A Deeper Dive Into ESG ETF Portfolios

August 31, 2017

The world is full of model ETF portfolios, but we’re just starting to see the environmental, socially responsible and governance (ESG) filter as a consideration on many. The biggest recent news on this front was the development by robo-platform Betterment of an ESG version of its core portfolio last month.

I thought this would be a timely opportunity to look at some popular portfolios and see how they stack up using the MSCI ESG data we’re now featuring here at ETF.com. (For a primer on what that data is, see my article from June when we launched it.)

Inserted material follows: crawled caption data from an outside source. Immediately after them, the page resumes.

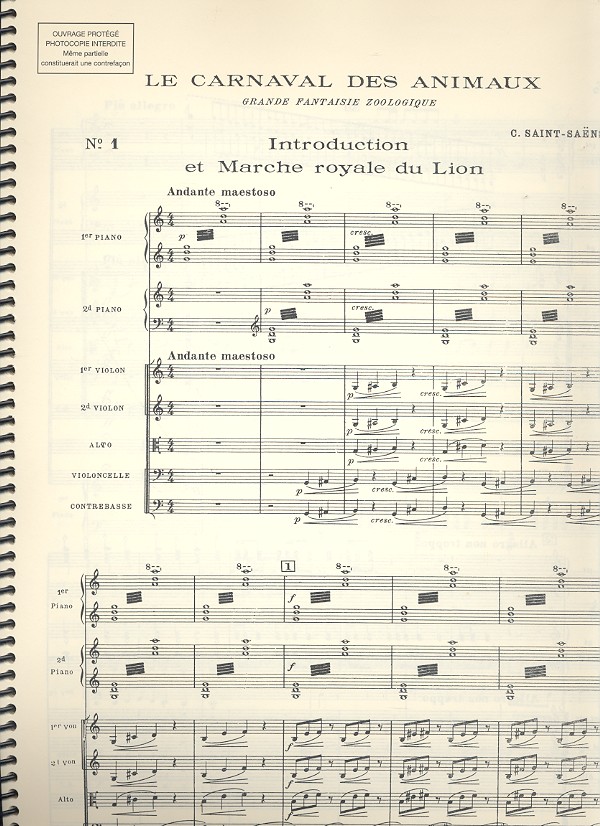 Le Carneval des animaux pour
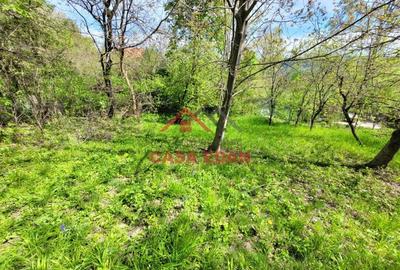 Teren intravilan in Breaza 1142 mp deschidere 46m 35e mp - 9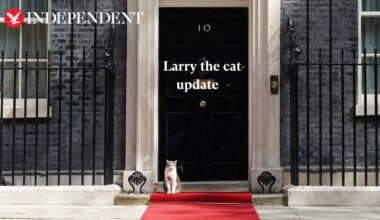 Downing Street prepares plan for announcing death of Larry the cat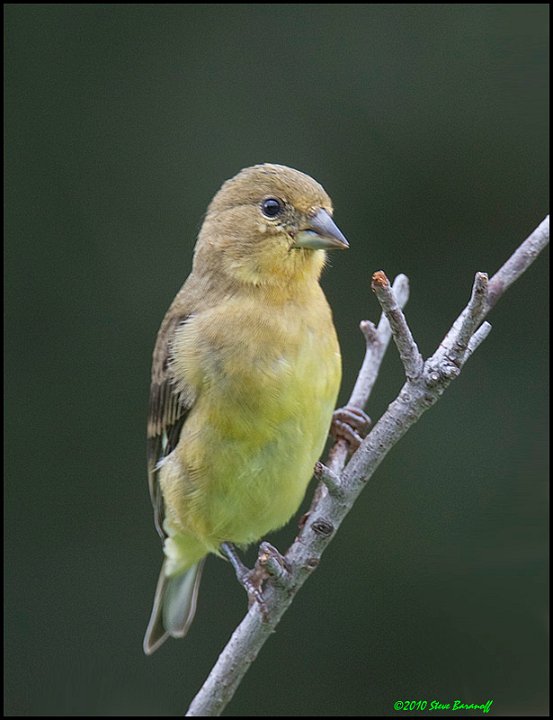 _0SB1827 lesser goldfinch female.jpg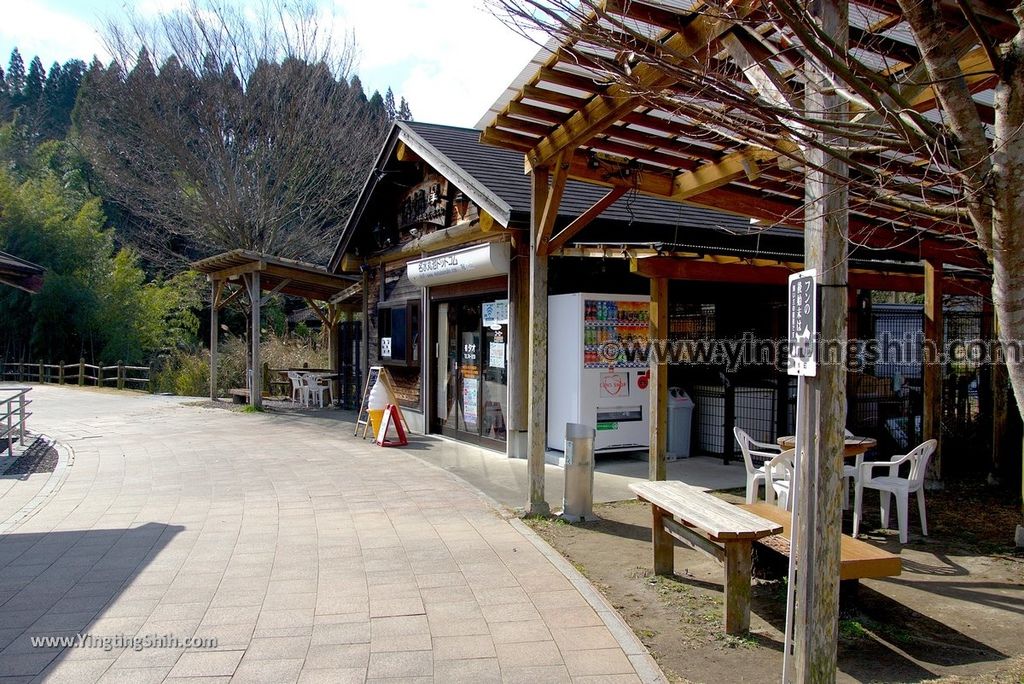 YTS_YTS_20190126_日本九州鹿兒島県姶良霧島山麓丸池湧水／日本名水百選Japan Kagoshima Aira Maruike Pond072_3A5A3270.jpg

Let’s start by looking at the portfolio my friend Matt Hougan puts together every year here on ETF.com, the world’s cheapest portfolio. 

 

The Hougan Portfolio

Exposure Weight Ticker Name Expense
Ratio
ESG
Score
SIS % SRI
Exclusion
%
MSCI ESG Score
U.S. Equity 40% ITOT iShares Core S&P Total U.S. Stock Market ETF 3 4.938 6.23 10.64 5.17
Developed Markets 30% SCHF Schwab International Equity ETF 6 6.285 6.12 10.97 6.58
Emerging Markets 5% SCHE Schwab Emerging Markets Equity ETF 13 4.389 3.16 3.25 3.45
Fixed Income 15% SCHZ Schwab US Aggregate Bond ETF 4 6.228 0.91 2.40 6.00
REITS 5% SCHH Schwab U.S. REIT ETF 7 4.036 9.83 0 4.27
Commodities 5% COMB GraniteShares Bloomberg Commodity Broad Strategy No K-1 ETF 25       6.89
        5.85 5.49 5.38 8.49  

 

 

This portfolio doesn’t have any considerations other than cost, and an essentially random asset allocation. “Cheap” is definitely the word for it—with a weighted average expense ratio of just 0.058%, it’s so close to free as to not even matter. You can stick $1 million in this portfolio and pay less for it a year than it would cost to see Hamilton.

But how does it look from an ESG lens? Put simply, pretty much middle of the road.

The U.S. equity choice here scores an overall 5, which conveniently also puts it right about the 50th percentile among U.S. total market funds. The same is true of the developed-market equity exposure—most developed markets score better than the U.S. (Europe and Japan generally have stronger governance, diversity, labor and environmental regulations), so it’s pretty middle of the road as well.